While the rules seem simple, they have interesting implications.
- I’m committed to value investing a.k.a. dividend investing. The contest is being judged on capital gains and dividends — the former is likely to dwarf the latter (for better or worse) during the course of a single year. I’m not concerned with price fluctuations when I invest because I can’t predict them better than the market. Of course I want the price of my stocks to increase, but I’m much more worried about collecting a steady stream of tax-efficient income. For example, I bought Automodular in the fall. Since then, I’ve enjoyed 26 cents a share in dividends or a 14.4% return (and that’s just for a single quarter because of a special dividend). The value has increased by about 20 cents a share, but I couldn’t care less — why would I sell if I can make 20%+ a year? I don’t have any magic ability to pick stocks. My strength (if any) is having the discipline to pick companies that spin off cash to their investors; picking stocks for capital gains will make my selections entirely akin to gambling.
- I’m not actually investing any money so there’s no incentive to make optimal, profit-maximizing decisions. I have no skin in the game. If I were putting my money where my mouth was, I’d be a lot more risk averse and much more careful in my selections.
- I’ve got to pick four stocks all at once. The idea of entering four positions on the same day is completely unrealistic for me. This, again, will result in an under-analyzed decision.

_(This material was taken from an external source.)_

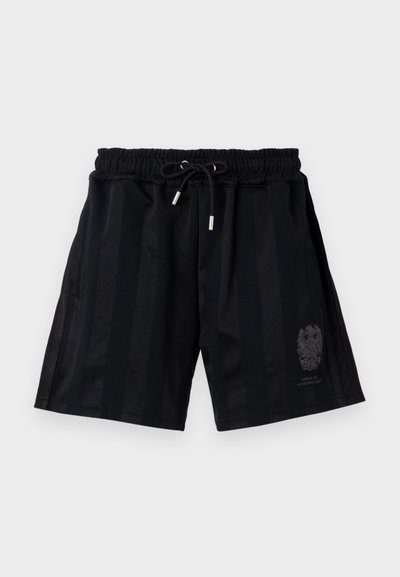 Čierne športové nohavice s elastickým pásom a šnúrkou, s horizontálnymi pruhmi a jemným emblémom na ľavom stehne.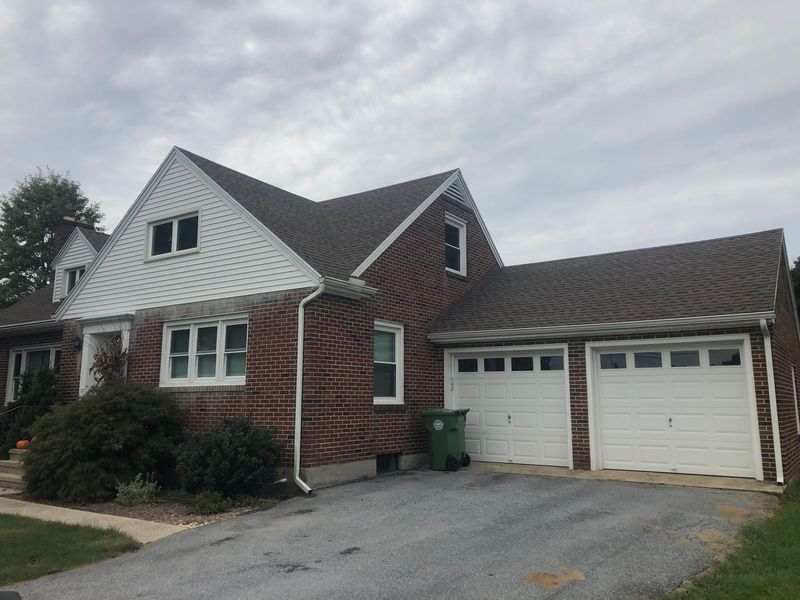 Red brick house with white trim, brown roof, and two-car garage. Cloudy sky overhead.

- The best approach to winning this game (which, as I said before, will be won and lost on capital gains) is probably to pick highly volatile penny stocks. By the end of 2013, they’re more likely than other stocks to have exploded (either in a good way or a bad way). Picking four blue chip stocks in diversified sectors, on the other hand, would probably result in a middle-of-the-pack performance.
Because there are so many limiting factors and, simply by participating, I’ll be picking stocks in a manner that is incongruous with my beliefs about investing, I’ve decided to do something different. If you read TF often, you already know what I think makes a good investment. I am going to try and pick the worst portfolio possible. Avoiding bad investments is an important part of building wealth. There is some value in understanding poor reasoning and bad decisions. So let’s see if I can plan my way to last place (I heard there’s a toilet plunger prize available).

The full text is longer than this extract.